Llane Fragoso Maldonado war Stipendiatin des mexikanischen Nationalen Rats für Wissenschaft und Technologie (CONACyT) sowie der Fondazione Giorgio Cini in Venedig. In ihrer 2024 an der Freien Universität Berlin abgeschlossenen Dissertation beschäftigt sie sich mit der Malerpersönlichkeit des Pseudo-Boccaccino (Giovanni Agostino da Lodi). Ihr Forschungsschwerpunkt ist der kulturelle Austausch im Norditalien der Frühen Neuzeit.

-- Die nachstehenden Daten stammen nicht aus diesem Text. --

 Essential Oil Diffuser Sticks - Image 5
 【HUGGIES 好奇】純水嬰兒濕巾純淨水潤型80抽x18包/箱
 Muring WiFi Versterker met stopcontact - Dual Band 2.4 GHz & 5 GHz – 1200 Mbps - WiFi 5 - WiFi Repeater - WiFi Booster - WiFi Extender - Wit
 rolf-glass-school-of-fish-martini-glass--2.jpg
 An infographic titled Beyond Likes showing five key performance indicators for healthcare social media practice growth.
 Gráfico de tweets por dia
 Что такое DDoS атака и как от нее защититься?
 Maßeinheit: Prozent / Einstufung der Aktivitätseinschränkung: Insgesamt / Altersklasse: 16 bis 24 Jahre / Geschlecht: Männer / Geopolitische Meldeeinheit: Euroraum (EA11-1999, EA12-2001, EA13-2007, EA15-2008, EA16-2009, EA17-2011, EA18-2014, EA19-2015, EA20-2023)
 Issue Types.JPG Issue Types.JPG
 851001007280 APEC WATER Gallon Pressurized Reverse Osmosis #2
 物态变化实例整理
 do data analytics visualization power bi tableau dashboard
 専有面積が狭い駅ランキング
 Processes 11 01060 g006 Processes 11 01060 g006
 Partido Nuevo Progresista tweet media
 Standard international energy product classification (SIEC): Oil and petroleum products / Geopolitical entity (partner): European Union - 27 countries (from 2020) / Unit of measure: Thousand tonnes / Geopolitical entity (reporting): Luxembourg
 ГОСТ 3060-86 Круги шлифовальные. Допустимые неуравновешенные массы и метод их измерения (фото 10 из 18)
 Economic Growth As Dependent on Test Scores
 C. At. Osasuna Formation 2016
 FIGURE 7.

Holzstock: Hiob vom Satan gegeißelt (Detail: nachträglich eingefügtes AD-Monogramm) Bildnachweis: Staatliche Museen zu Berlin, Kupferstichkabinett; Foto: Livia Cárdenas

Dr. habil. Livia Cárdenas

Manipulierte Zeichen. Echte und falsche Dürermonogramme in Holzschnitten des 16. Jahrhunderts

Albrecht Dürer etablierte sein Monogramm früh als Marke. Was als Ausweis von Originalität diente, machte es auch Fälschern leicht, sich dieses Zeichens zu bedienen. Während das bei Zeichnungen und Gemälden recht einfach ist, erfordert es bei Holzschnitten eine ungleich höhere handwerkliche Expertise. Denn dafür mussten die Holzstöcke manipuliert werden. Die Art und Weise der Manipulation ist im Abdruck unsichtbar. Im Zentrum des Vortrags stehen Holzstöcke des 16. Jahrhunderts, denen zu unterschiedlichen Zeiten und mit unterschiedlichen Intentionen nachträglich das charakteristische AD-Monogramm eingefügt wurde. Das betrifft Stücke aus dem Werkstattumkreis Dürers wie auch den ungewöhnlichen Fall von tatsächlich von Dürer gerissenen Holzstöcken. Es soll den Absichten und Strategien nachgegangen werden, die hinter dem späteren Einfügen von falschen und "echten" Dürer-Monogrammen stehen.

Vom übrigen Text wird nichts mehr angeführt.